I brought up a bag of chocolate chips from the supply in the downstairs pantry, which is located in the part of the basement reserved for storage and workshop. She commented she’d noticed I wouldn’t need to buy chocolate chips for a good long time, heavens no! When was she inspecting the pantry, I wonder?
I came home from the store. She asked what AMAZING BARGAINS I’d found today. Jazz hands and rolling eyes.
She said she needed to know where our hand mixer was. I guess I don’t expect her to keep a mental inventory of everything in our kitchen, but I think we’ve had the “We don’t have a hand mixer” conversation more than half a dozen times now, so I’d expect it to sink in eventually. Instead, when I said “We don’t have a hand mixer,” she made this face:
Except her eyes were way buggier, and rolling around in her head, and she swung her face from side to side in addition to clapping her hands to the sides of it, and she made a loud strangling sound. I said, “Yes, I don’t know how, but somehow we’ve managed to survive all these years without one. It’s a wonder any of us are alive.” I said it like I was being funny. I was not feeling funny.
During dinner, she said out of the blue that she’d once been to this restaurant where they had “Lumpy mashed potatoes” on the menu. She couldn’t figure out WHY anyone would WANT lumpy potatoes. That is just NUTS. Why would you BRAG that your mashed potatoes had lumps? She supposed it proved they weren’t from a box, but LUMPS? Bleah! …Do I need to specifically say that at this dinner we were eating mashed potatoes and that they contained the occasional lump, or do you know my MIL by now?
2 more days…2 more days…2 more days…
Hm… Good thing I’m not anywhere near, ’cause I might be tempted to smack her. I’m a Mormon. Proud of it, too. It’s part of my heritage, ’cause my family were some of the first to convert. I just don’t think it’s nice to rub people’s noses in it. I do my best not to be obnoxious about it.
I’d love to see what she’d say about *my* pantry. *evil laugh* I mean, we stock up on stuff. Got about 30 fifty pound cans of wheat downstairs! And five shelving units full of canned goods, pasta, and other miscellaneous food items. And then there’s our supply of bottled water! See, two years ago, Georgia was in a huge drought. And a friend of ours who works for the county water department told us that the county only had about a day’s worth of water left. So we stocked up. Bought cases of water every time we went to the store. Add all the bottled water that was being given out in the flood aftermath and we have somewhere around 20 cases of bottled water!
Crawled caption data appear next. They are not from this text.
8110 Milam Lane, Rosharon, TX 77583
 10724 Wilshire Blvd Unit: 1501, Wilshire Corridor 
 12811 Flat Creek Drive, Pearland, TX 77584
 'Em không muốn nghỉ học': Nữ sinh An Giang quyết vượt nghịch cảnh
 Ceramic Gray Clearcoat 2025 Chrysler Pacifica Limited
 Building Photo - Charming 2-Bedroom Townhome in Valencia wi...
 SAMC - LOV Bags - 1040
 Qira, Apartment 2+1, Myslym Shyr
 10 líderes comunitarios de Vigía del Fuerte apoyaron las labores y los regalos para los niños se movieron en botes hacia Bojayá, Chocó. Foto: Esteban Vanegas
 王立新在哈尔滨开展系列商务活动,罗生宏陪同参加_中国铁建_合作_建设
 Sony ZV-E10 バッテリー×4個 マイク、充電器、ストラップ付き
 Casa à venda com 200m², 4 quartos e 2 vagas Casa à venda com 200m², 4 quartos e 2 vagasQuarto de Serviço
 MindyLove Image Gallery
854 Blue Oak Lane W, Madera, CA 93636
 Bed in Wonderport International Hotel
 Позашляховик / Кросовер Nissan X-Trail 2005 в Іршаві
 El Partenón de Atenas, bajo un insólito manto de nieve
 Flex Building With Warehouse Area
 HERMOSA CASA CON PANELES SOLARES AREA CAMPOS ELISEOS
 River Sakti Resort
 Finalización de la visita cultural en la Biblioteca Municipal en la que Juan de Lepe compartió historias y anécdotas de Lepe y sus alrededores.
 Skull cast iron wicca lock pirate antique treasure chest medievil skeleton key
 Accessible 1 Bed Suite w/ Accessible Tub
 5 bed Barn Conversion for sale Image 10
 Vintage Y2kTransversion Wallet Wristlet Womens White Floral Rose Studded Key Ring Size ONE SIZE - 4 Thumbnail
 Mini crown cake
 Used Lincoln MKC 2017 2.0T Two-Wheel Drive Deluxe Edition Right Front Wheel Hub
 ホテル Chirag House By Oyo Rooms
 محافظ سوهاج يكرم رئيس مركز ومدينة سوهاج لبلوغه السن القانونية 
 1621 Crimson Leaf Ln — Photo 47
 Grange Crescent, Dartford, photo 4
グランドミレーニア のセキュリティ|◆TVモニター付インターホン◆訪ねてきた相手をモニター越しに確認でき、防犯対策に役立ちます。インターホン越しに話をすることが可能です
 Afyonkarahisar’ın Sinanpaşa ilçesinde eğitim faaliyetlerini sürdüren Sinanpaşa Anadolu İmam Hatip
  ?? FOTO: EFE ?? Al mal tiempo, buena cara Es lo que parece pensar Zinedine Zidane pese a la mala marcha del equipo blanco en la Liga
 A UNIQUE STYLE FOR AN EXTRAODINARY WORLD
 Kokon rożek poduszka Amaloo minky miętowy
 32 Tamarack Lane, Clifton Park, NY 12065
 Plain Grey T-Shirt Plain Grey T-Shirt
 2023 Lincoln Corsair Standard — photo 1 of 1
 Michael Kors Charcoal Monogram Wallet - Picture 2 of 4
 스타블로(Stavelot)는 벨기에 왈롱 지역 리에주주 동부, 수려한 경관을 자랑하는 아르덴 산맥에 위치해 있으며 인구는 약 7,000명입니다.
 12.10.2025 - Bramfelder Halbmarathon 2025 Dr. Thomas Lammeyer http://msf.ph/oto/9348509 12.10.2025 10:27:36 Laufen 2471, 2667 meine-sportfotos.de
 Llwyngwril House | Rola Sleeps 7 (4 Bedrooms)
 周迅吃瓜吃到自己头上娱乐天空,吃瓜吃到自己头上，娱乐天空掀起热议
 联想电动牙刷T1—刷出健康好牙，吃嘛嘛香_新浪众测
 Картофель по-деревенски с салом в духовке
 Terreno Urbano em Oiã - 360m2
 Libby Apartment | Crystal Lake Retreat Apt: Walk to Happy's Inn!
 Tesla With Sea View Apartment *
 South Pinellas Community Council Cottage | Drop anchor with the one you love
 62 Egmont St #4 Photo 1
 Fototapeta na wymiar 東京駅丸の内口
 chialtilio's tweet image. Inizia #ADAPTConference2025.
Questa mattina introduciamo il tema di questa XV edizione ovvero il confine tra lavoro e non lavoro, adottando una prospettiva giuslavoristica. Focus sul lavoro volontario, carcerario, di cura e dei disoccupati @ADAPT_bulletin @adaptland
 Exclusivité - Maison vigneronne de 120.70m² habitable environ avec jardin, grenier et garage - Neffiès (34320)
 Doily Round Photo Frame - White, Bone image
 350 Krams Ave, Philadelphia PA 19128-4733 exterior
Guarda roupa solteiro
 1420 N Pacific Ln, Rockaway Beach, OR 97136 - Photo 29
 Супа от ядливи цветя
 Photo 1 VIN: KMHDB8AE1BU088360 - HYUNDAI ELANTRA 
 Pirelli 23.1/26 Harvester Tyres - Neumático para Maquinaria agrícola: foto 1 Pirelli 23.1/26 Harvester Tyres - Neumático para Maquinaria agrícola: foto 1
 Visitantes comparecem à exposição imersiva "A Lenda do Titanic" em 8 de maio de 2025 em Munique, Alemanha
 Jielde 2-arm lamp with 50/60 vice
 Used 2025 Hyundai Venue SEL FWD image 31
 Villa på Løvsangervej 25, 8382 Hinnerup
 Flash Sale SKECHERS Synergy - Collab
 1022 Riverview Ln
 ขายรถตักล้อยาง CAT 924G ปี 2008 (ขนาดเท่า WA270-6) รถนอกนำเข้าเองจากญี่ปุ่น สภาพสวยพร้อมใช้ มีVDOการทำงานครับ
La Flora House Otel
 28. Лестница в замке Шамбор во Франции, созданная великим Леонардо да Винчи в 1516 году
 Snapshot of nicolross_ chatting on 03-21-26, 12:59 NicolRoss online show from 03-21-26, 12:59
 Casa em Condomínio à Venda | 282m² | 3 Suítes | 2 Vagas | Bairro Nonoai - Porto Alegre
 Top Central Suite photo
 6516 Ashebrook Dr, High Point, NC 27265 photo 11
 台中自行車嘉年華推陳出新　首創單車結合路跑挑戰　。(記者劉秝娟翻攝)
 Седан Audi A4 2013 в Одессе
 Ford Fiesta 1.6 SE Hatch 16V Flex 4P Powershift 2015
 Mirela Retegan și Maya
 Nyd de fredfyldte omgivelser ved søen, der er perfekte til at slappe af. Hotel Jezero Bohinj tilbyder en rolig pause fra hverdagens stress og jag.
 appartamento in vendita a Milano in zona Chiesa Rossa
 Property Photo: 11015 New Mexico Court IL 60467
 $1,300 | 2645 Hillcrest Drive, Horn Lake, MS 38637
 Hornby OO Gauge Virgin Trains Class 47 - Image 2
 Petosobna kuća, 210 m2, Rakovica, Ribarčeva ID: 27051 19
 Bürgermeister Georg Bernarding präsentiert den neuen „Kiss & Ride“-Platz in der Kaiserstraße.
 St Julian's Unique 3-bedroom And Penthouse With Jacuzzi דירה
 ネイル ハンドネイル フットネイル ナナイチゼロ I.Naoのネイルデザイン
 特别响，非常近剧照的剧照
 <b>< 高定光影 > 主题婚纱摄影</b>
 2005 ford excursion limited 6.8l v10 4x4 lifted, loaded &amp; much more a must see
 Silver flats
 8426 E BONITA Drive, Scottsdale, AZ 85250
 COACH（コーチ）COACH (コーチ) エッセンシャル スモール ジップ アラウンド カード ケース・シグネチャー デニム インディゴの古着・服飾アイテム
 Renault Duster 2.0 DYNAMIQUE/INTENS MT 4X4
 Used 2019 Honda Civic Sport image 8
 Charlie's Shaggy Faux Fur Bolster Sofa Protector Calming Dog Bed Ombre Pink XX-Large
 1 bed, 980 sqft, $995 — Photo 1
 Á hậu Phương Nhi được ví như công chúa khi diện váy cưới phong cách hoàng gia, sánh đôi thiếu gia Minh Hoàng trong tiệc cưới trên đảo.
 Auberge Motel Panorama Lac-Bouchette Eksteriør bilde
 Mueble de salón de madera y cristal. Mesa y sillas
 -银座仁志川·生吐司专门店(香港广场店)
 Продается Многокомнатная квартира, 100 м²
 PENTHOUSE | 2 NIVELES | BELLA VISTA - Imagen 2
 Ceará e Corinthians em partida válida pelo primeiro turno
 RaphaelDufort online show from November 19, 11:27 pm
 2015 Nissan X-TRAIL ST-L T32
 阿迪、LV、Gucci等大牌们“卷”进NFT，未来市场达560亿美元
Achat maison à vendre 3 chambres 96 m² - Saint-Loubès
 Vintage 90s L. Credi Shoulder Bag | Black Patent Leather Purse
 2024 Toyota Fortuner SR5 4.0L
I don’t like Obama either. I think he’s a moron. Then again, I have yet to like *any* presidential candidate since I was old enough to vote. Dirty, rotten politicians, all of ’em. And frankly, I don’t care what color a person is. If I agreed with their politics, I’d vote for somebody who was green with purple polka dots! (Though I guarantee I’d stare a heck of a lot more. Green with purple polka dots would be the most interesting color of person I’ve ever seen!)
I have been reading along all week, and all I have to say is, she is a PIECE. OF. WORK. A NASTY one.
PS: Yes we can!
Swistle, you deserve a medal for not killing her.
I’m sorry, I’ve been reading your blog for a while but I don’t recall the reason why you don’t just use some seriously snarky attitude on her. Or why you don’t say you don’t see a need for a hand mixer when you have 2 good arms. Or that some people like texture in their mashed potatoes and are only going to eat totally smooth ones when they are too old to enjoy potatoes anyway.
I give you serious props for not smacking her.
Good job on avoiding gun play. But do we need to come take all the sharp things out of the house?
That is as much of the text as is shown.